= Indian Adoption Project =

Initiative of the US government, 1958–1967

The Indian Adoption Project was an initiative of the United States government that led to thousands of Native American children being adopted by white families. Officially the program led by the Bureau of Indian Affairs, United States Children's Bureau, and Child Welfare League of America placed 395 Native American children with white families between 1958 through 1967. However, thousands of native children were adopted through other agencies during the same time period.

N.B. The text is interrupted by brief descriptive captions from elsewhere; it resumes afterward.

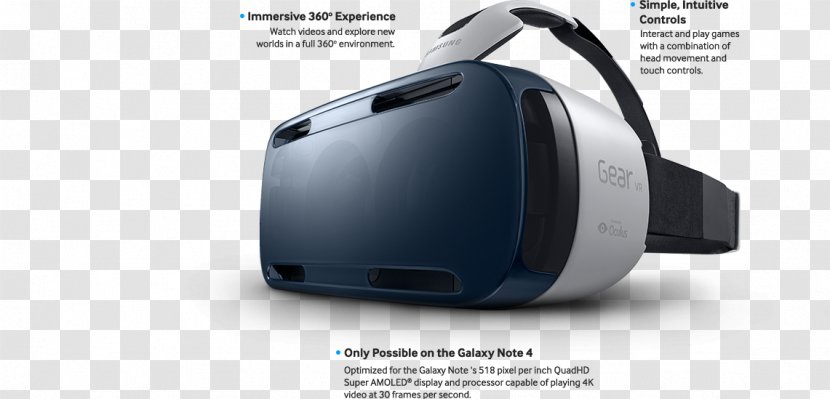 Samsung Galaxy S5 Gear VR Virtual Reality Headset Oculus Rift S6 Transparent PNG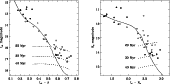 \begin{figure}
\par\includegraphics[width=8cm]{8226fig5a.ps}\includegraphics[width=8cm]{8226fig5b.ps}\end{figure}
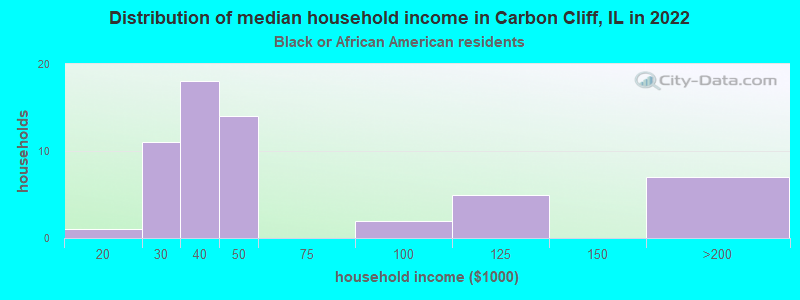 Distribution of median household income in Carbon Cliff, IL in 2022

While initially seen as an exception to the standard practice of race matching during adoption, Native American advocates reframed it as a continuation of a legacy of "genocidal policies". Congress enacted the Indian Child Welfare Act in 1978 in response to stop the practice and make it harder for native children to be adopted by non-native parents.

== Legacy ==
The Indian Adoption Project was criticized by Margaret Atwood and others as "the kidnapping of indigenous children", although most children were removed from their parents care through legal process, The Child Welfare League of America continued to assist in the adoption of Native American children even after 1967 when the program was ended.

In 1978, Congressional Hearings found that "the wholesale separation of Indian children from their families is perhaps the most tragic and destructive aspect of American Indian life today," leading to the passage of the Indian Child Welfare Act.

In June 2001, Child Welfare League Executive Director Shay Bilchik formally apologized for the Indian Adoption Project saying "No matter how well intentioned and how squarely in the mainstream this was at the time, it was wrong; it was hurtful; and it reflected a kind of bias that surfaces feelings of shame."